11-05-2025
Dark matter may escape, but dark photons can't. Here's how MADMAX could catch them
Everything we visualize about space, including stars, planets, gases, and even galaxies, make up just a small fraction of the universe's total mass. The rest is invisible, silent, and frustratingly elusive, famously known as dark matter.
Scientists have tried numerous ways to catch this mysterious form of matter, but it has managed to allude researchers almost every time. However, the latest results from MADMAX (MAgnetized Disc and Mirror Axion eXperiment) suggest we're closer than ever to detecting dark matter.
MADMAX is a special setup that focuses on detecting axions and dark photons, two supposed particles that are believed to form the dark matter.
"These two hypothetical particles are popular candidates for what dark matter might consist of. In our recent paper, we describe the results of a search for dark photons using a small-scale prototype," Jacob Mathias Egge, first author of the study, and a PhD candidate at the University of Hamburg, said.
The challenge of detecting dark matter is not just that it is invisible—rather that it interacts so weakly with normal matter that we might never notice it unless we build incredibly sensitive instruments.
Traditional detectors have mostly come up empty-handed, especially when looking for heavier, slow-moving dark matter particles. That's why scientists have been turning their attention to lighter, more ghost-like particles like axions and dark photons.
MADMAX tackles this challenge with a clever setup. The main highlight of its design is a dielectric haloscope, a kind of detector that uses special materials and mirrors to amplify the tiny signals that dark matter particles might produce.
The MADMAX prototype uses three round discs made of sapphire, a pure and insulating material known for its excellent properties at high frequencies. These discs are spaced carefully in front of a mirror.
If dark photons exist, they might occasionally transform into ordinary photons (particles of light) when passing through materials with the right properties. The layered discs and the mirror are arranged so that this transformation is amplified at specific frequencies, similar to how tuning a radio to the right station turns a faint signal into a clear one.
Any resulting microwave photons from this process are then directed into a horn antenna, where an ultra-sensitive receiver tries to detect them. 'In our case, we tried to detect these excess photons with a frequency around 20 GHz," Egge said.
Although the researchers did not find a signal, they were able to rule out the presence of dark photons in this mass range at an unprecedented level of sensitivity, many many times better than previous efforts at similar frequencies.
"This is the first physics result from a MADMAX prototype and exceeds previous constraints on χ in this mass range by up to almost three orders of magnitude," the study authors note.
What makes this result especially exciting is that the MADMAX team has now proven that their approach works.
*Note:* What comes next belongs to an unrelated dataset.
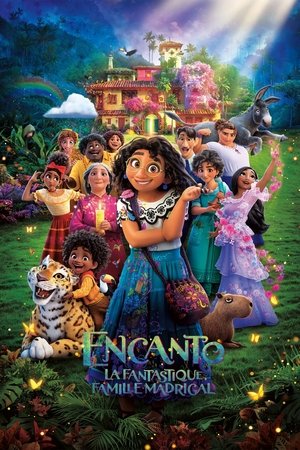 Encanto, la fantastique famille Madrigal (2021)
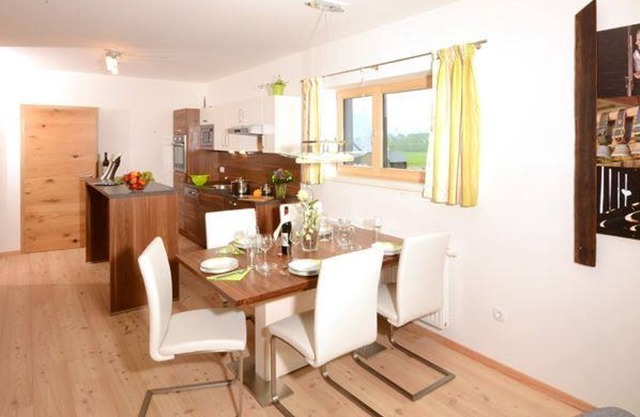 Appartement "schwalbennest" - Urlaub im Stall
This is the first time a prototype like this has been successfully used to probe dark photons, and it delivered impressive results.
"Since the core detector concept has now been proven to work, we can now easily expand our reach in the next upgraded iterations, increasing our chances of a detection," Egge added.
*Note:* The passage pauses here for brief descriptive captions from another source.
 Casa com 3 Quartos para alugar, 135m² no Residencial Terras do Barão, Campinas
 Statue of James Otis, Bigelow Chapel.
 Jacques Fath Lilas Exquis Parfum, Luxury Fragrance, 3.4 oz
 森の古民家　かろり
The biggest upgrade that is underway is to cool the entire detector down to just 4 Kelvin (-269°C). At such extremely low temperatures, thermal noise drops significantly, making the detector even more sensitive to tiny traces of dark matter.
Moreover, the current experiment only focuses on dark photons, but in future experiments, scientists will operate MADMAX under strong magnetic fields so that it could also detect axions at the same time.
The study has been published in the journal Physical Review Letters.